Sketching plans for using trees
Current approach which is to output matches only during radix sorting has two big problems:
- high memory requirements
- the modified radix sort uses a lot of space
- outputted matches are large in number and they need to be buffered and sorted before further usage
- lack of streaming mode
- streaming mode is useful to produce matches with limited offsets - to the size of a sliding window
- it is often used to process files which are too big to process at once
- easy solution would be to do radix sorting on overlapping segments, but that
adds problems
- even higher memory requirements
- sorting and analyzing suffixes more than once
A possible solution is to employ enriched tries specially crafted for finding matches during a merge of two such tries. Steps to get to that point are as follows:
- input is divided to independent consecutive segments
- each segment is processed individually by radix sort match finder
- individual handling of segments mean that matches that are found do not span segment boundaries
- to find matches that span segment boundaries tries are used
- after processing a segment by radix sort match finder the created suffix array is converted to a trie, here called segment trie
- during processing the consecutive segments a main trie is kept in memory
- main trie is empty at the beginning of the whole process
- after processing the first segment the segment trie becomes the main trie
- after processing some later segment the resulting segment trie is merged with a then non-empty main trie
- during that merge matches that originate in main trie and end in segment trie are outputted
- matches outputted during radix sorting a segment together with matches outputted when merging segment trie with main trie form a whole set of matches for that segment
- when the main trie grows too big too old suffixes have to be pruned
- pruning old suffixes can be done during the merge of main trie and segment trie
From the above process it is immediately visible that outputting matches ending in a particular segment happens only during processing of that segment. That reduces memory requirements considerably as there is no need to buffer all matches (from the whole input) to sort them by target position before outputting and consuming (assuming the consumption is done in a streaming fashion).

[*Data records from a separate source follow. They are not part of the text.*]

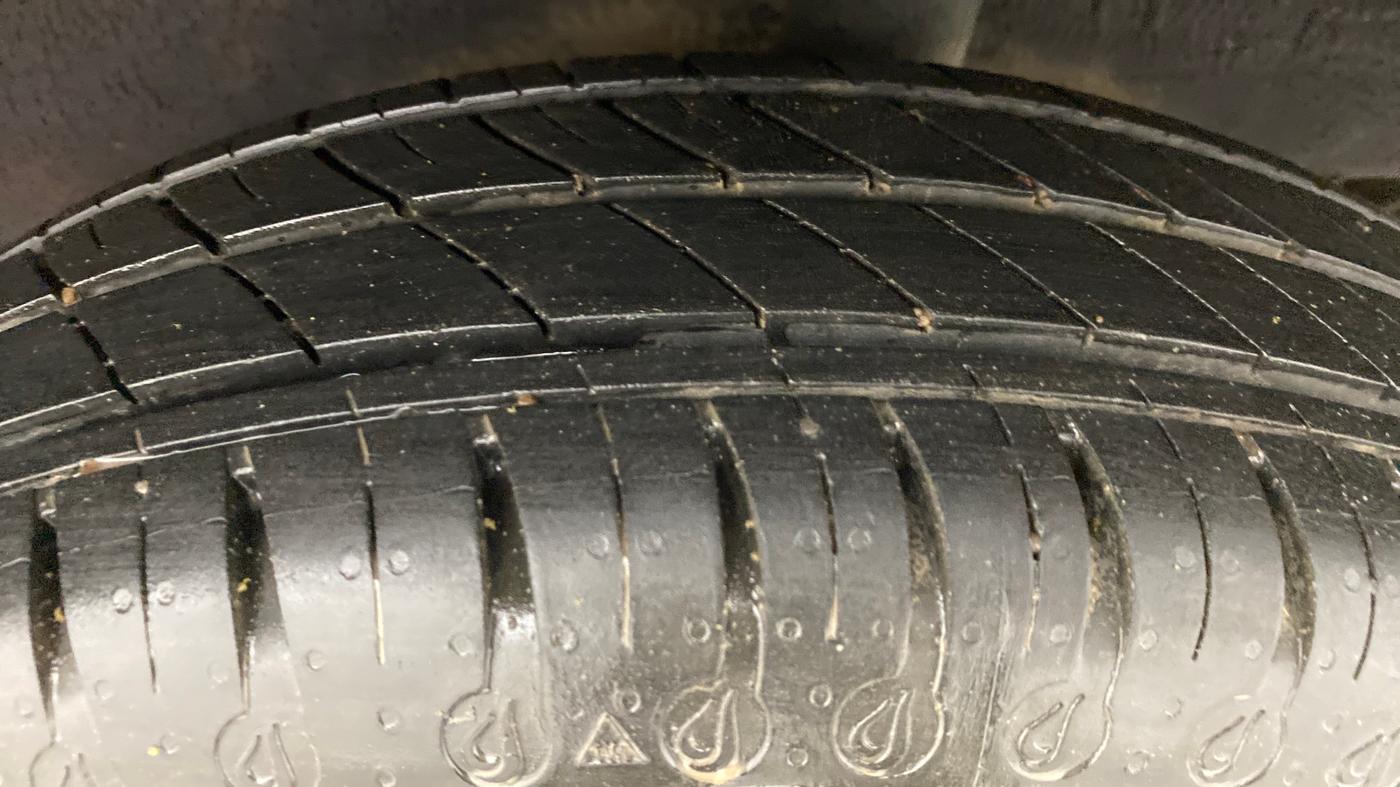 2021 Renault Kwid 1.0 RXL, Petrol, Manual, 10,957 km, Left Rear Tyre Tread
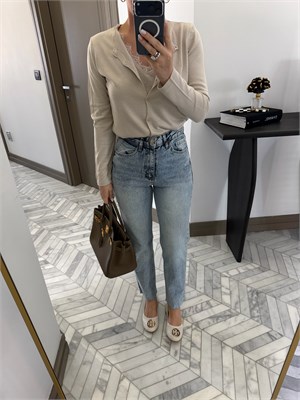 Yıkamalı Mavi Kesik Paçalı Boy Fit Jean 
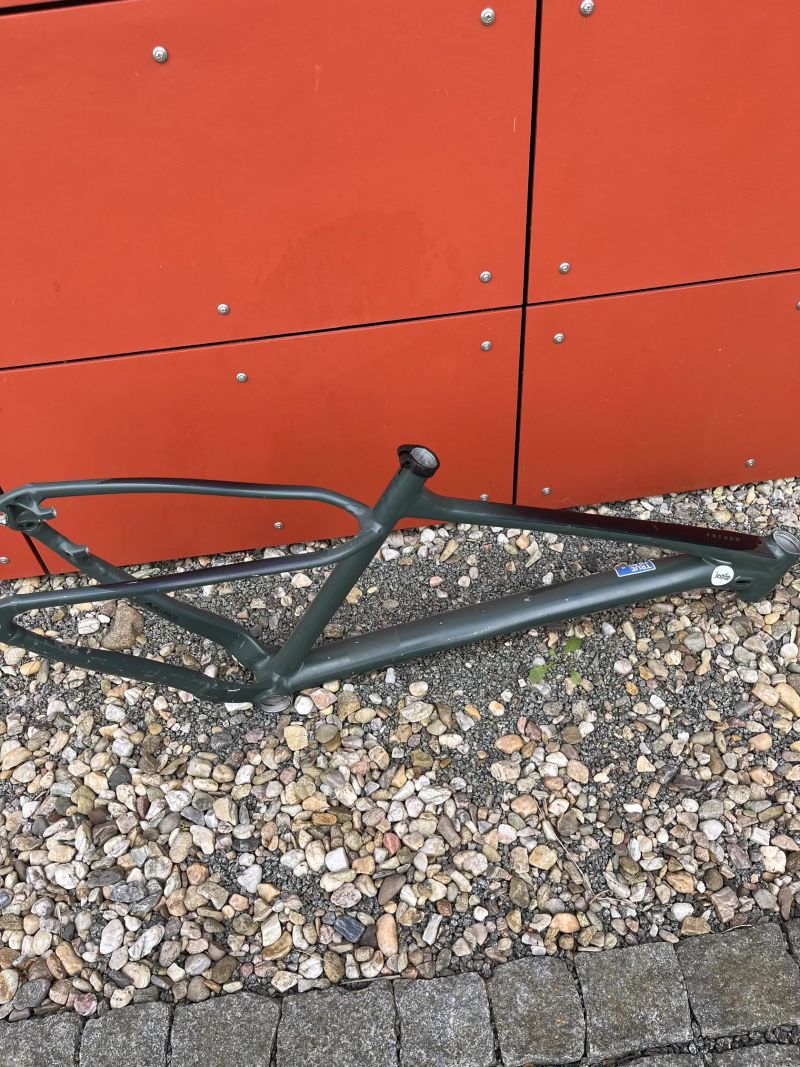 Promáčklý rám Giant Fathom 29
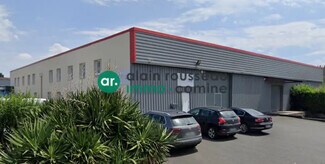 Plus de détails pour Local d'activités à louer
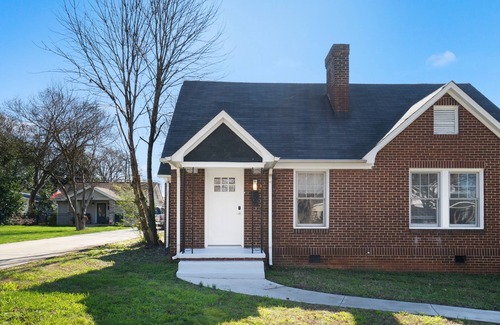 Wesley Heights House | Your Charlotte Cat's meow VRBO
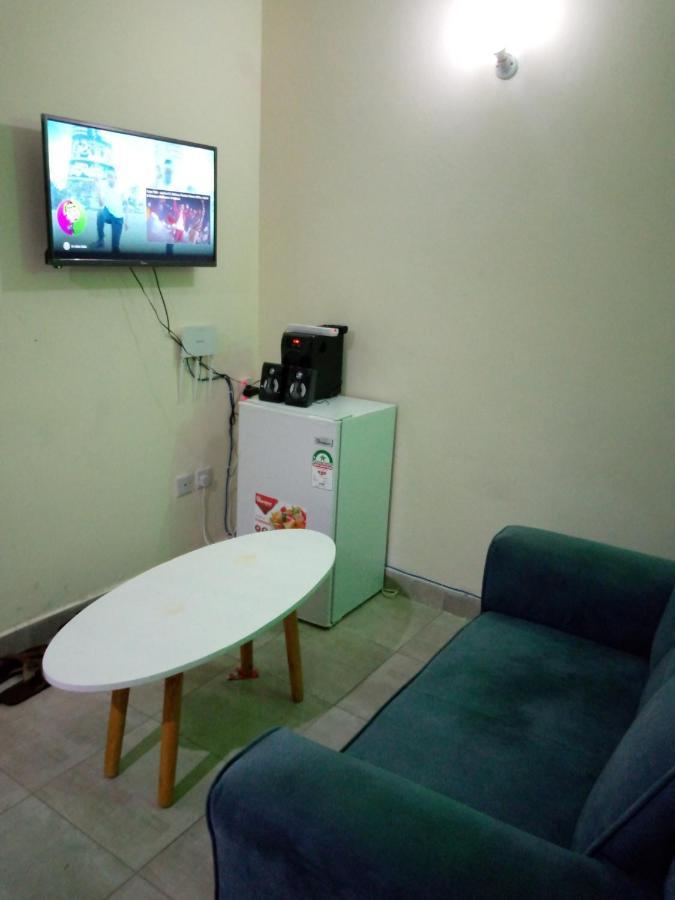 La Grande Cosy Studio Apartment Mtwapa Luaran gambar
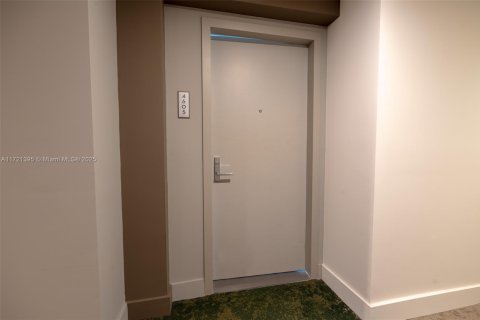 Condominio en venta en Miami, Florida, 1 dormitorio, 69.03 m2 № 1875222 - foto 4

The only trie purpose is to facilitate finding matches when merging two tries, therefore fast search is not needed. Two tries must be merged using a linear scan of both tries and linear output of a new trie. During a merge random access to the sliding window of input data is needed.
Leaf fields:
- 1 byte - depth with a special marker value (zero) that tells this is a leaf
- 1-2 bytes - cached first bytes on incoming edge to reduce the number of random memory accesses
- 1 byte (only segment trie) - length of longest match outputted during radix sort match finding
- 4 bytes - suffix index
Node fields:
- 1 byte - depth (above zero) which is the length of longest common prefix of all children
- 1-2 bytes - cached first bytes on incoming edge to reduce the number of random memory accesses
- 1 byte - (children number - 1)
- 4 bytes (only main trie) - highest suffix index of all descendants
Above scheme has a big potential strong point - ability to reduce memory overhead significantly without making the whole process impractically slow. The key observations needed for making that happen are:
- segment size can be tuned freely - smaller segment size reduces memory overhead, but increases the number of merges of main trie and segment trie
- sliding window must be present in memory during the merge of tries because of potentially many random memory accesses to that sliding window
- tries can be both read and written almost fully sequentially and that makes them perfect candidates to store on hard disk (through the means of memory mapped files)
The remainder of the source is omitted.